Why should we care about motivation?
- Learning process must be initiated actively
- No one else is present at learning even
- Cannot rely on social motivators (well, you could blend traditional e-learning with social learning, via social media or traditional forms…)
- Rewards are indirect or absent
Cynical thoughts, but most learners aren’t intrinsically motivated
- Media/animation isn’t enough. (Avatars are cool, but aren’t enough unless they are doing something instructionally)
- They want the shortest, least painful way through a course. They look for shortcuts.
- Traditional path: reading text without purpose, unhelpful feedback, memorize trivia, long unbroken narratives (I think “narrative” here just means long blocks of text)
- “Expedited” path: Hit next without thinking, multitask, guess without consequence, random actions until give up. Most people will pick this in traditional e-learning.
IDs need to create experiences where learners won’t aim for the expedited path
What we want
- Read text to satisfy a need
- Active involvement in meaningful tasks (task-oriented, not content oriented)
What we need
- Don’t rely on default navigation
- Tasks require attention
- Guesses is unproductive
- Failure leads to a dead end rather than default completion
Question about kinesthetic/tactile learners
Answer: He’s being careful to not totally discount learning styles, but to say we’re not in specific boxes that way. “Auditory” learners still can learn visually. Think about learning through multiple channels, but not focus on specific learning styles
Question on overused Flash features
Answer: Superficial animation, stuff that is visually appealing but meaningless instructionally
Not all interactivity is instructional. The clicky clicky bling bling concept, although he’s not using those words
Content is important, but only as far as people will use that content to do something.
Six Rules to Create Motivation
These can be used even without the full CCAF model.
- Just say less
- Formal objectives (we need objectives, but we don’t need to tell learners the full formal objectives)

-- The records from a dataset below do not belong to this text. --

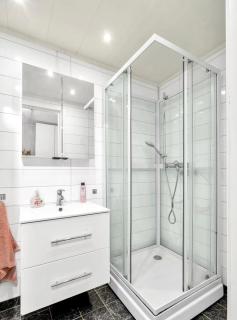 Newly renovated apartment close to the city center! - Tromsø - 8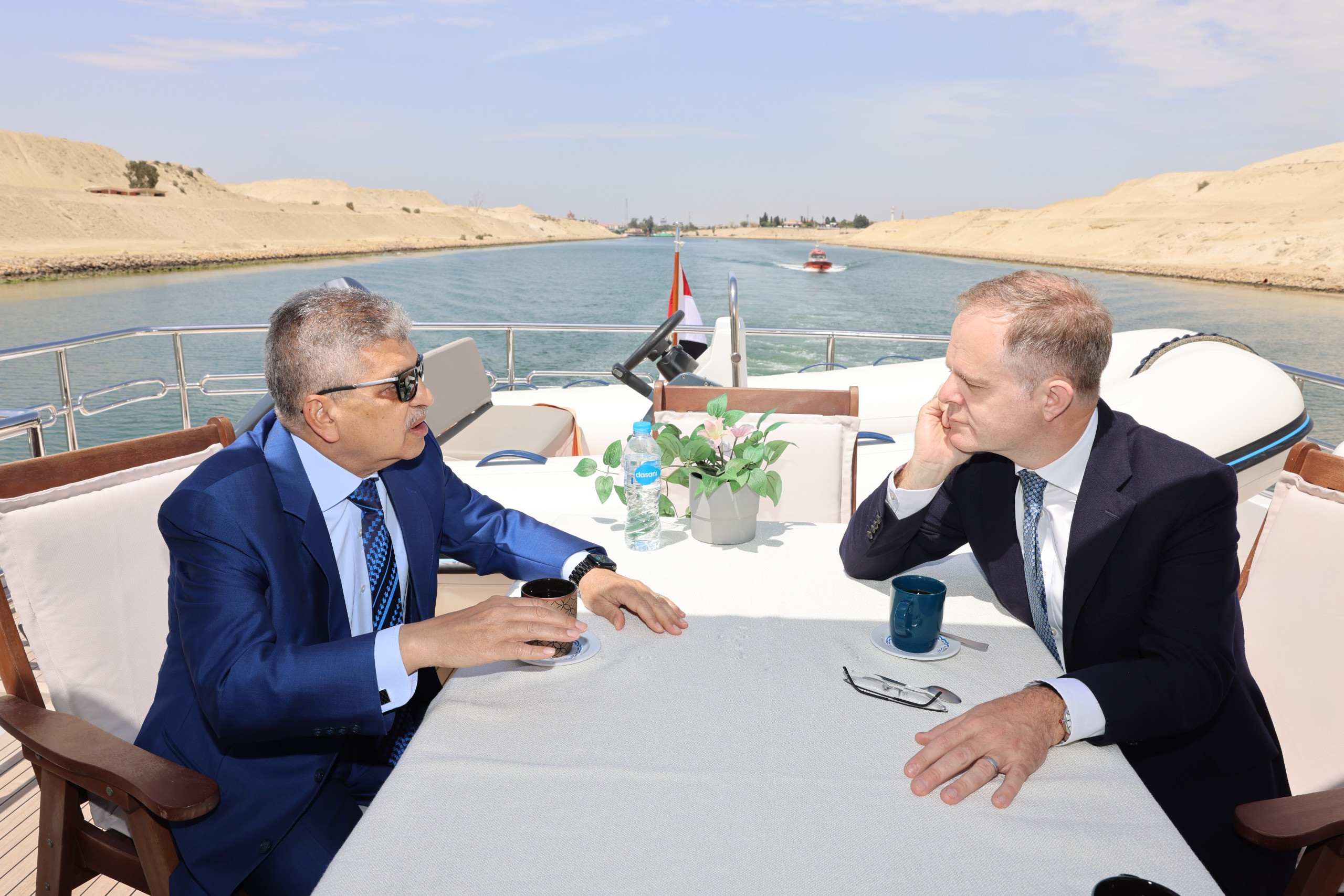 الفريق أسامة ربيع والسفير البريطاني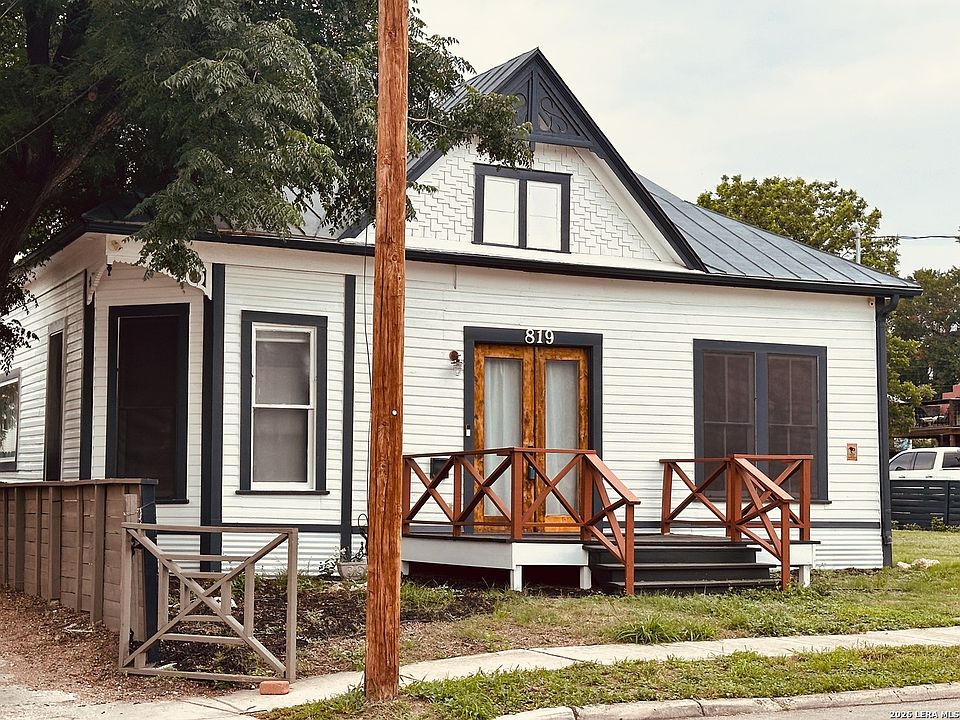 1st image of 819 WYOMING ST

- Technical requirements/compliance documents, especially at the beginning of e-learning. Put it at the end if it has to be there. Make content-heavy resources available, but only when users choose
- Things that matter only to the SME
- Not just making it harder, but something that makes you think
- “Achievable challenges with appropriate risks”
- Withhold information until learner asks for it
- Ambiguity isn’t always bad
- Goes contrary to what we usually think about immediate feedback
- Give time to think and correct yourself
- Include an “I’m ready” button
- Increases memory (I wonder if there’s research support for this about moving things to long term memory)
- Wait until they are engaged and interacting to put content
- Consequences for actions
- Naturally chunks content based on actions
- Interest is high after you make a wrong choice; you want to know where you went wrong
- Challenges grow as skills develop
- Expand content & functionality as levels grow
- Vary how much help is provided
- Prevents “learner as victim”
- Give learners responsibility
- Places you could give choices: pace, sequence, review, construct answers, seek help, choose when to be tested
Question: How do you convince people that interactions aren’t a waste of time?
Answer: You may have to do some work to “sell” the course and convince people
Question: What if you really need lots of text?
Answer: Make a nice resource web page and give them a reason why they should read it. Don’t make it e-learning.
Question: Better to read on-screen text or not
Answer: Literally reading every word on the screen is the worst. Narration can do a good job for emotional content, but highly technical content may be better without narration. Text is easier to read and review. The more complex, the less useful narration.